É como uma prece do ladrão a Jesus crucificado. A interpretação desta prece é para Lucas todo um ensinamento de que o Crucificado é o verdadeiro salvador e de que por meio de sua vida e de sua morte, “Deus salva”.
Este “ainda hoje estarás comigo no Paraíso” (v. 43) é o hoje perene da salvação e da nova humanidade dos redimidos, levados para o Reino de Cristo pelo sangue da sua cruz. Começava seu reinado de perdão e de misericórdia. São as últimas palavras saídas dos lábios de Cristo que juntamente com:
“Pai, perdoa-lhes: não sabem o que fazem” (v.34), expressam a misericórdia e “o perdão supremo oferecido a quem o crucificou, mostra-nos até onde pode chegar a misericórdia de Deus… não conhece limites e alcança a todos, sem excluir ninguém.” (Misericordiae vultus, n. 24).
Tinha que ser precisamente um malfeitor, um pecador o que descobriu o reinado de Jesus, tinha que ser na cruz… Alguns não o reconheceram quando fazia milagres e ele o reconheceu crucificado em um madeiro. A oferta do “paraíso” ao ladrão arrependido reflete o ponto culminante da missão de Jesus. “Eu não vim chamar os justos, e sim os pecadores.” (Lc 5,32)
Agora, no suplício da cruz, quando os que estão ao seu lado entendiam a salvação de maneira diferente, um ladrão, alguém destroçado, no último instante soube “roubar” a salvação, um lugar no Reino. Reconhece a realeza de Jesus e se converte no primeiro cidadão do Reino do Céu.

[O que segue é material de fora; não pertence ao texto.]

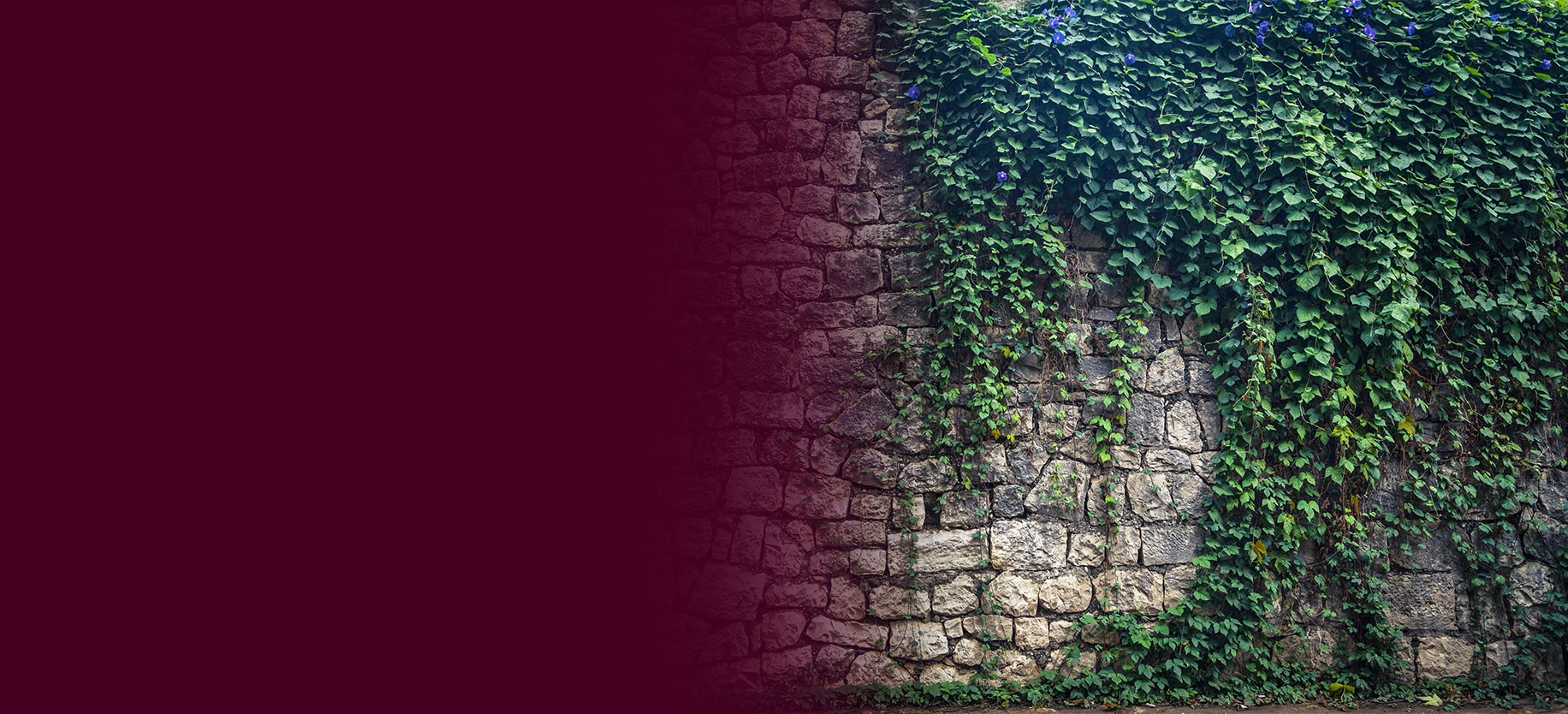 A stone wall with plants growing on it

Mas, Jesus sempre esteve cercado de pobres, marginalizados, pecadoras, malfeitores e ladrões. O ladrão foi o último a reconhecer o senhorio de Jesus e Ele oferece tudo o que é e tem. A partir de sua impotência de crucificado, mas de sua posição como senhor verdadeiro, oferece perdão, misericórdia e salvação.

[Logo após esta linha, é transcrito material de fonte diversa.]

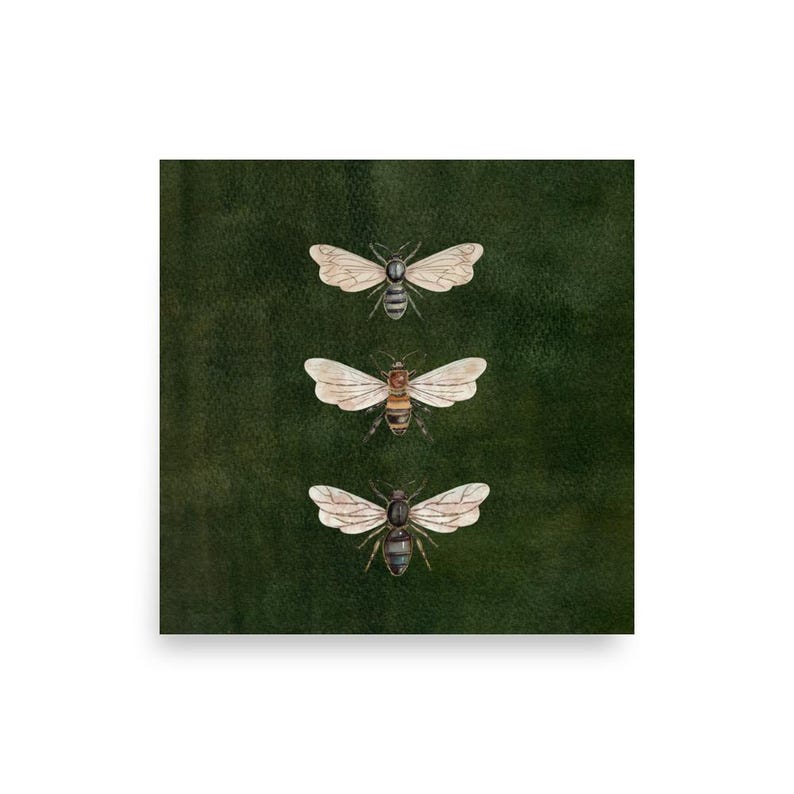 Vintage Bee Illustration,Vintage Insect Print, Dark Moody Nature Poster, Moth  Art, Dark Academia Decor, Vintage Entomology Art Print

Mostrando que o arrependimento e o perdão de Deus são condições fundamentais para tomar parte no seu Reino. Esta teologia da cruz é a chave para entender adequadamente a Jesus como Rei do universo e Senhor.
Cristo reina da cruz porque nela está como que o clímax da sua missão de entrega radical de sua vida por toda humanidade.
Ao terminar o “Ano da Misericórdia” é desejo do Santo Padre que a Igreja tenha sentido “a urgência de anunciar a misericórdia de Deus”, pois “a sua vida é autêntica e credível, quando faz da misericórdia seu convicto anúncio.
Sabe que a sua missão primeira, sobretudo numa época como a nossa cheia de grandes esperanças e fortes contradições, é a de introduzir a todos no grande mistério da misericórdia de Deus, contemplando o rosto de Cristo. A Igreja é chamada, em primeiro lugar, a ser verdadeira testemunha da misericórdia, professando-a e vivendo-a como o centro da Revelação de Jesus Cristo”. (Misericordiae vultus, n. 25)
É tempo, sem duvida, de fazer um balanço, uma avaliação, pessoal e comunitária, do crescimento da misericórdia em nós. De nossa favorável tendência ao perdão das ofensas, compreensão, tolerância, amor e ternura permanente por todos nossos irmãos e irmãs.
Assim o Reino de Cristo, Reino da Paz, da Misericórdia e do Perdão, que não é deste mundo, já chegou. Pois cremos no Reino de Cristo como lugar pleno de amor, de solidariedade, de alegria, de paz, de esperança e de Misericórdia. O Reino já está presente, mas cada um deve descobri-lo. E essa é a tarefa que o próprio Cristo nos confia.